UPDATE—June 24, 2024: This article has been updated with current share price information.
Key Takeaways
- AI chipmaker Nvidia remains in the spotlight Monday as shares continued declining from a record high reached Thursday.
- Thursday’s intraday reversal in Nvidia shares created a bearish engulfing pattern, a candlestick formation that warns of a potential downside reversal, especially after a significant price advance.
- Investors may keep an eye on chart levels around $119 and $110, both areas where the stock could find support from minor pullbacks over the past three weeks.

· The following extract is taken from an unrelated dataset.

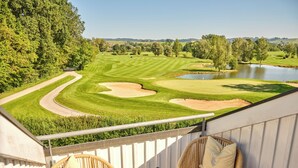 A balcony with wicker chairs and a table, overlooking a golf course and a lake. - Golfhotel Gutshof Penning (Rotthalmuenster)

Artificial intelligence (AI) chipmaker Nvidia (NVDA) remains in the spotlight Monday as its shares continued falling from the record high reached last Thursday.
Despite little in the way of company-specific market-moving news in recent days, investors may have used a rare moment of broad market sluggishness for profit-taking following the stock’s meteoric rise this year amid the AI boom.
Nvidia shares were down 5.1% at $120.09 at around 11:00 a.m. ET Monday. The stock is down nearly 15% from its all-time intraday high of $140.76 set on Thursday.
Monitor These Levels Amid Bearish Engulfing Pattern
Since finding support around the 50-day moving average in April last year, Nvidia shares have tracked sharply higher, with investors viewing any dips as buying opportunities. However, Thursday’s intraday reversal from their all-time high (ATH) created a bearish engulfing pattern, a candlestick formation that warns of a potential downside reversal, especially after a significant price advance.
If Nvidia’s price continues to retrace this week amid a shift in sentiment, investors may keep an eye on chart levels around $119 and $110, both areas where the stock could find support from minor pullbacks over the past three weeks. A failure to hold these key regions could see the shares revisit a horizontal line near $97 that connects several prior record highs.
Middle Eastern AI Tech Deal
Separately, Nvidia has inked a deal to roll out its AI technology at data centers owned by Qatari multinational telecommunications giant Ooredoo located in five Middle Eastern countries, the Doha-based company’s CEO told Reuters in an interview on Sunday.
While Ooredoo did not disclose the value of the deal, it said it would provide its data center clients in Qatar, Algeria, Tunisia, Oman, Kuwait, and the Maldives with access to Nvidia’s AI and graphics processing technology.
“Our business-to-business (B2B) clients, thanks to this agreement, will have access to services that probably their competitors (won’t) for another 18 to 24 months,” said Ooredoo CEO Aziz Aluthman Fakhroo.
The deal comes at a time when U.S. Officials have tightened export controls on advanced U.S. chips to curb China accessing sophisticated AI technology through the Middle East.